* Prompt:
Give the entries again, precisely as they were written.

┌─ Stored data

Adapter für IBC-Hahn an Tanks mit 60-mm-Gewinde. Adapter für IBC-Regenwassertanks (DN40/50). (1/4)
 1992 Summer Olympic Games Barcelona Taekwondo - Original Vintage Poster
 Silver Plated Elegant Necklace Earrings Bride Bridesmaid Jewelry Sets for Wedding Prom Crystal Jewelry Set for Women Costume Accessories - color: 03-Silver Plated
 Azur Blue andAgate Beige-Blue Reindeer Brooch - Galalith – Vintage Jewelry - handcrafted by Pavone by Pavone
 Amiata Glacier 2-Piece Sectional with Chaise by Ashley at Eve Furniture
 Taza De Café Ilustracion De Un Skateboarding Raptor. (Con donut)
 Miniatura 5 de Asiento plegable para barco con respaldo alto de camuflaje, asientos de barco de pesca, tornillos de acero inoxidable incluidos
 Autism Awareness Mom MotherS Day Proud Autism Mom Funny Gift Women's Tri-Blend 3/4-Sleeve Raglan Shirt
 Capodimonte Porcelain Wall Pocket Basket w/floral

└─

* Response box:
Adapter für IBC-Hahn an Tanks mit 60-mm-Gewinde. Adapter für IBC-Regenwassertanks (DN40/50). (1/4)
 1992 Summer Olympic Games Barcelona Taekwondo - Original Vintage Poster
 Silver Plated Elegant Necklace Earrings Bride Bridesmaid Jewelry Sets for Wedding Prom Crystal Jewelry Set for Women Costume Accessories - color: 03-Silver Plated
 Azur Blue andAgate Beige-Blue Reindeer Brooch - Galalith – Vintage Jewelry - handcrafted by Pavone by Pavone
 Amiata Glacier 2-Piece Sectional with Chaise by Ashley at Eve Furniture
 Taza De Café Ilustracion De Un Skateboarding Raptor. (Con donut)
 Miniatura 5 de Asiento plegable para barco con respaldo alto de camuflaje, asientos de barco de pesca, tornillos de acero inoxidable incluidos
 Autism Awareness Mom MotherS Day Proud Autism Mom Funny Gift Women's Tri-Blend 3/4-Sleeve Raglan Shirt
 Capodimonte Porcelain Wall Pocket Basket w/floral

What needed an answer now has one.